Enterprise Data Governance and Compliance at Scale – Databricks

Enterprise Data Governance and Compliance at Scale

Download Slides

Twilio is a cloud communication platform supporting 40,000+customers, 1+ Million Developers, handling millions of messages per minute across the globe from various different sectors. There are many regulated industries and parts of the world where data needs to be moved, stored and accessed securely. Twilio provides firm foundation for that and is focused towards providing customers a secure and scalable telecommunication cloud platform.

Handling this massive amount of data in secured way is possible because of Kafka and Spark. Twilio’s Data platform team is building a compliance layer on top of Data Pipeline, Data Lake and Bulk Data Transformer to handle different compliance requirements such as GDPR, HIPAA, PCI etc. Secured Data Pipeline is a streaming channel for Data Lake, BI Data Warehouse and Elastic Search whereas Bulk Data Transformer is a ETL channel to transfer and transform bulk data from RDMS. Kafka Connect, Spark SQL and Data frames powers streaming channel and makes data wrangling and de-duping efficient.

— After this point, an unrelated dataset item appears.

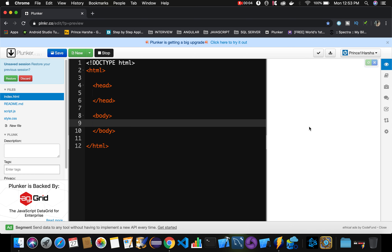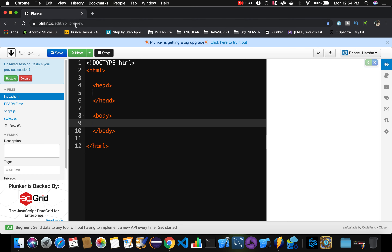Hi friends, in this video let's discuss the different ways of writing JS code inside our HTML document. This is a site provided by plnkr.co where you can write your code and view the output on the right-hand side. There is a live preview, so whatever code we write, the corresponding output appears here. Required files like index.html, script.js, and style.css are provided, and we can modify these files to see output.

The Data Compliance layer has various components such as Data Anonymization, Authentication, Authorization, Auditing, Custom Retention and Data Deletion to handle the requirements of Processor and Controller. Anonymization as a service provides redaction, encryption and data obfuscation and is based on the varying needs of compliance and customers. Role based Access Control is applied on Kafka layers and S3 Layers to make sure only valid systems and users can access the critical data and rest of them will access to have only redacted data. Auditing service tracks all the access to various resources both from processor and controller perspective. Distributed Spark executor model makes the petabytes of data deletion efficient after the custom retention period. Thus scalable, fault-tolerant, distributed, secured, audited data governance pipeline is possible through Kafka, Kafka connect and Spark.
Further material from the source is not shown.